I have primarily pulmonary issues, but virtually NO digestive issues - but one doctor finally gave me a sweat-chloride test "just in case." He's saved my life -- so get to a clinic!! The best they can say is your child doesn't have the disease. And they are also best equipped to treat her specific problems if she does have the disease.

t
 

tazgc1961

New member
Thanks everyone.
I am currently looking into having my daughter seen by the CF team at AI dupont Hospital in Wilmington DE.
as she currently sees 5 other specialists there she has a complex history. I know that there are a couple CF doctors near my home they are in New brunswick NJ .But I have been taking her to Dupont for 9 years now and dont want to run allover the map for doctors . I really beleive she has CF from mall the info I have read it says @ mutations =CF .
I dont know what the mutations are yet need to get copy of the results... Again thanks for sharing I look foreward to getting more info from those who know best.;;;Gae
 

Brad

New member
Find a New Doc..
I am sorry to say ,if Your Child has 2 mutations, She does have Cf...

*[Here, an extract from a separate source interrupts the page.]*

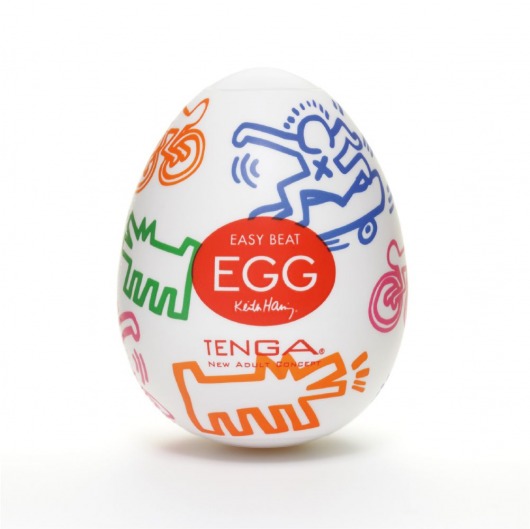 Мастурбатор-яйцо Keith Haring EGG STREET - Tenga - в Петропавловске-Камчатском купить с доставкой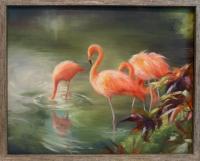Flamingos by Maya Santangelo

I have almost not GI issues and Lung issues were mild until I was 29 ish.
The Docs told my Mother I had no Cf.. when My Oldest Brother was diagnosed at 19 with Cf
all of us were tested.. 4 of the 5 us us did have Cf. All presented differently. So GI some not.
Oldest had more lung issues..
Cf is tricky... YOu need a Doc who Knows more than He read in Med School about Cf.
 

Printer

Active member
Let me see if I understand what you are saying. Your daughter has had 7 (seven) hospitalizations over the past two years for pancretitis, she has 2 known mutations and a Doctor who says that she DOES NOT HAVE CF. You want to keep seeing the same doctors because you "don't run all over the map for Doctors".

This situation is bordering on child abuse. If this was my daughter, I would be looking to see the BEST CF SPECIALIST in this country, even if I had to drive from Delware to Colorado.

Your daughters life is at risk and it is time for you to get your head out of the sand.

Bill
 

Aboveallislove

Super Moderator
Bill,

She said she is trying to have the CF Center at her current hospital see her daughter--NOT that she is going to stay with the same doctor. I cannot even imagine being in this mom's situation--her precious daughter has 5 other specialists, so obviously alot of medical issues and mom came here for support because she thought her current doctor was wrong; but CF is so confusing and so much to know it is impossible to know it all, much less know that a doctor is wrong. And it makes perfect sense to want to stay at the same hospital as her other specialists so they can all interact to find the best treatment for her daughter--so yes, she needs to find a different doctor but she said she was. You owe her an apology.
 

Printer

Active member
Aboveallis love:

True but only if it is convient for her. I had 70 hospitalizations, over 10 years, for pancreatitis, before I was dx. Let me tell you. The pain from pancreatitis, I've been told, is second only to childbirth. I take 10 Creon 24 with EVERY MEAL AND SNACK and I have CFRD. My pancrease DOES NOT FUNCTION.

I don't know what OTHER medical problems her daughter has or if they are life threating. I do know that her CF/PANCREATITIS is life threatening and it must be taken care of. Unfortunally, there are only a few CF/GASTROLOGISTS in this country and she needs to take her daughter to see one, not a CF Pulmonoligist.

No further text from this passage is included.